Friday, January 25, 2013

Teacher's metacognition

Alejarndra Martinez is a psychologist has been working with teachers, initially in rural Chile. She is interested in how teachers view themselves as learners. Currently working on her PhD at the University of Melbourne  Alejandra has been working in professional learning teams, to investigate links between courses and students' outcomes.

One of the focus was to move thinking about my student to our student. The key aspect to inform our teaching from this perspective is the skill level of the students. The variables that are collected around numeracy, literacy, student outcomes, classroom practices, PLT functioning, beliefs and attitudes, and metacognition. Further research on teachers'  professional learning is required in order to understand the characteristics and development of their metacognition (Dinsmore, 2008). The key focus, therefore is how teachers see themselves as learners, and how this impacts their own practice.

The main aim is to analyse the extent to which the shift from a deficit to a developmental approach to assessment and learning influences teacher metacognitive awareness of their professional practice. The study uses a teacher metacognition framework that has 5 elements, which are part of a cyclical process: Comprehension of differentiated teaching practice; self evaluation of current competence; planning professional learning; monitoring professional learning; and evaluation of the progress made.
The Metacognitive Awareness Inventory was adapted (16 questions), and other new questions were added. Two forms were developed (A and B) with 14 common questions to enable comparison. After a calibration process using Item Response Modelling 7 questions were removed, as they were discriminating less the the expected model.

The data was analysed using an item/person map with level descriptions. Teachers were then given the results that indicated that the level they were at, rather than a specific 'score'. The initial findings were based on 359 teachers. There was a large number of teachers at Level A, Level D, and Level F. A learning readiness report on metacognition, which has individual feedback which is linked to the 5 stage cyclical model.

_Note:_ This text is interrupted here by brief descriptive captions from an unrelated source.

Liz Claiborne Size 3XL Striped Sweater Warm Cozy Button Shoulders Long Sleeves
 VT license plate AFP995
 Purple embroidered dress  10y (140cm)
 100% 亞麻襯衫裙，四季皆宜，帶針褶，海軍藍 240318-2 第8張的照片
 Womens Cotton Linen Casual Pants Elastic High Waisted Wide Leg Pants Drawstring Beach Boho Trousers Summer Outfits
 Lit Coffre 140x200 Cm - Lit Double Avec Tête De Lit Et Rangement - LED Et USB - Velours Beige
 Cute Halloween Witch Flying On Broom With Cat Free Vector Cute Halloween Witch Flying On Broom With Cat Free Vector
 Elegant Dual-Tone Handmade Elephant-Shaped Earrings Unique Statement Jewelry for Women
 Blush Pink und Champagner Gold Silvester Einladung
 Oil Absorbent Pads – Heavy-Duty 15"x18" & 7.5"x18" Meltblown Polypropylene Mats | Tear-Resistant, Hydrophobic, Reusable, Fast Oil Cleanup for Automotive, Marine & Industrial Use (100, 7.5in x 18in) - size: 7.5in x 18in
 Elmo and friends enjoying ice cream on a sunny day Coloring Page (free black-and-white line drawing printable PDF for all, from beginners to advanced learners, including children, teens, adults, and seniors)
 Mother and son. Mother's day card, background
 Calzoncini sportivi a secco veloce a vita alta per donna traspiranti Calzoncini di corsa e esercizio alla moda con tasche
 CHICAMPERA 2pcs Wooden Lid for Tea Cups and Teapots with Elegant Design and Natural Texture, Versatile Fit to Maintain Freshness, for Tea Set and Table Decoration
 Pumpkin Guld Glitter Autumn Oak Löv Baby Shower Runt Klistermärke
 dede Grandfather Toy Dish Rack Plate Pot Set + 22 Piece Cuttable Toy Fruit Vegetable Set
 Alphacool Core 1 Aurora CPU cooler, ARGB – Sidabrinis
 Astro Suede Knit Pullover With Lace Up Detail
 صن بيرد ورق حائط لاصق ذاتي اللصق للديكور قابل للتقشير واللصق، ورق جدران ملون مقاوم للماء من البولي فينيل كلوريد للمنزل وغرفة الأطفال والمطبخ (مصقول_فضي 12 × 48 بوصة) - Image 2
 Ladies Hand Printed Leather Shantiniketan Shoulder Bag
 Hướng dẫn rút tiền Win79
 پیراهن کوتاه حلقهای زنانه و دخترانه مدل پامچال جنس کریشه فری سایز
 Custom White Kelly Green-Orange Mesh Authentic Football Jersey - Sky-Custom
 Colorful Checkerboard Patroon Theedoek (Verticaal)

The students who grow the most who are at the lower level, whereas the top level the students do not grow the most. We need to connect differentiated teaching, not only to student needs, but also to teacher needs. Some of the challenges are the links with student performance. There are some aspects of metacognition that needs to be captured with qualitative data; so the next step is to conduct some interviews with the teachers. This is longitudinal research, and data has been collected in year 1 and this year data will be collected to illustrate changes.